▸ **Work item**: Leave the pictures out, and transcribe the material below exactly from the line with "Acid Washed Long Sleeve hi-low: Espresso" to the line with "Elegant 304 Stainless", both lines included.

▸ **Dataset entries**:
****************************************

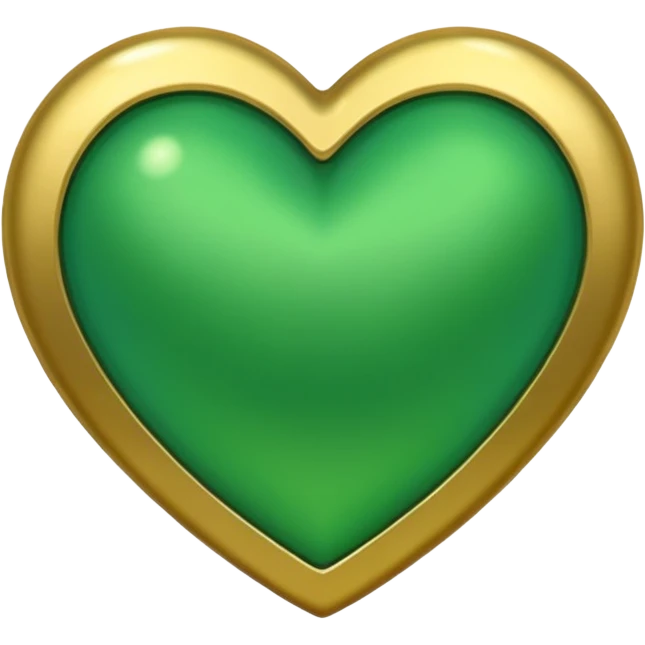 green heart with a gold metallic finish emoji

****************************************

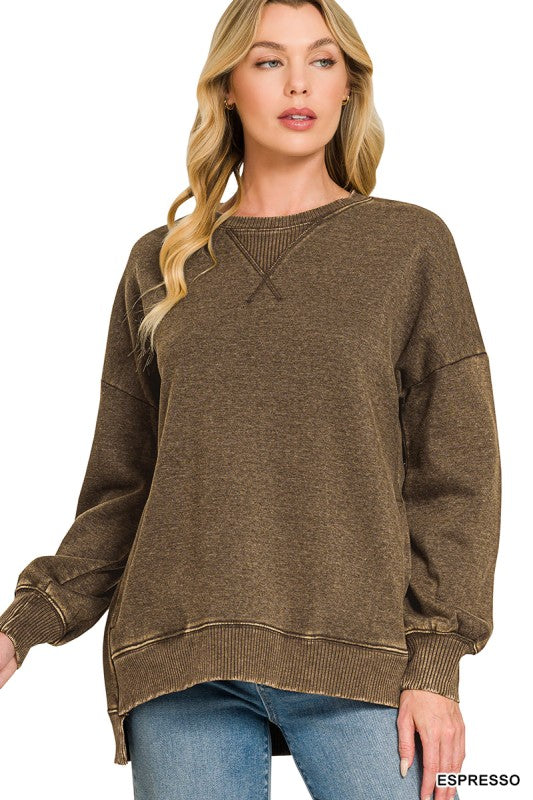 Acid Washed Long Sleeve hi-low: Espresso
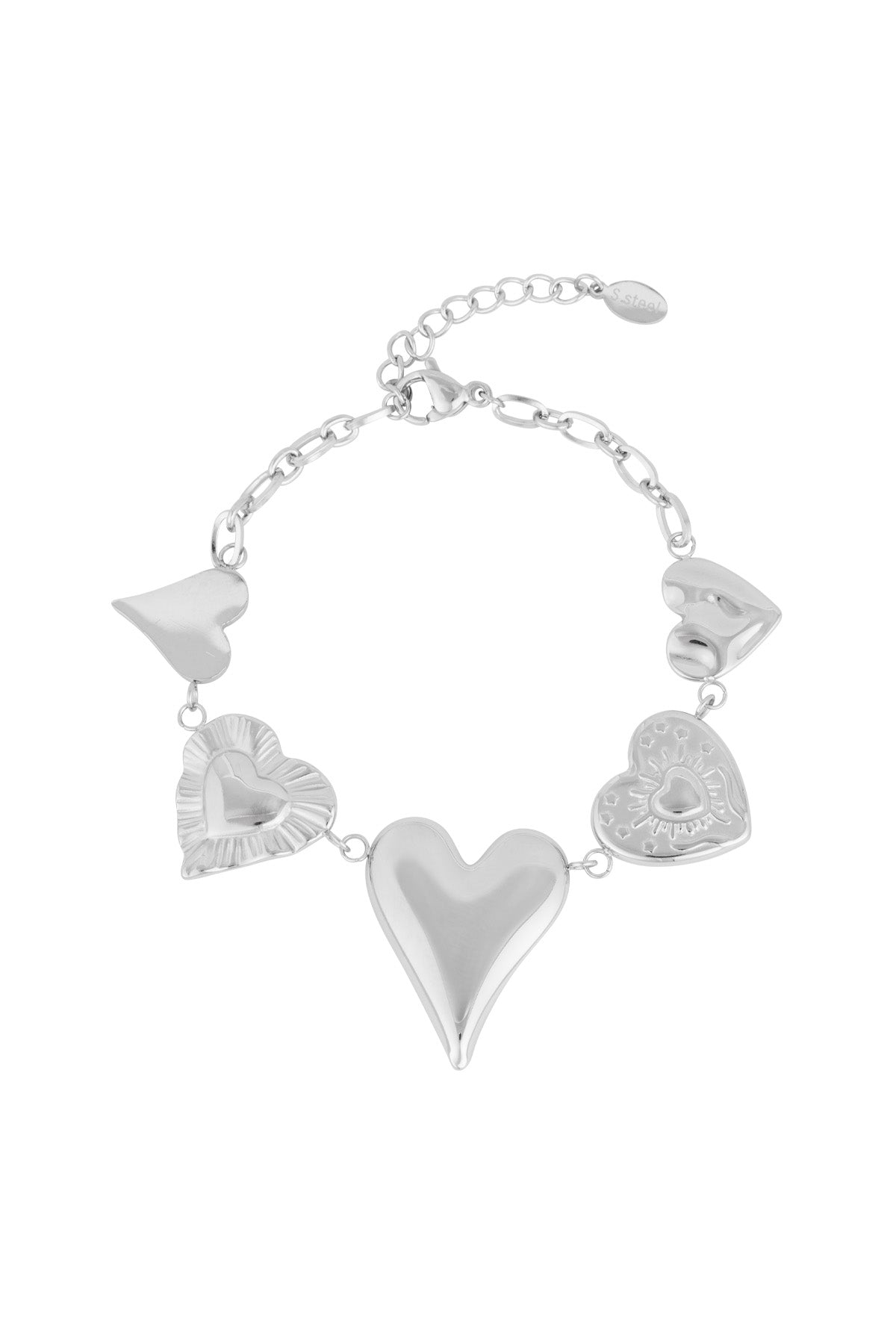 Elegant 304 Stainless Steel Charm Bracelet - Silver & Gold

****************************************

▸ **Reply**:
 Acid Washed Long Sleeve hi-low: Espresso
 Elegant 304 Stainless Steel Charm Bracelet - Silver & Gold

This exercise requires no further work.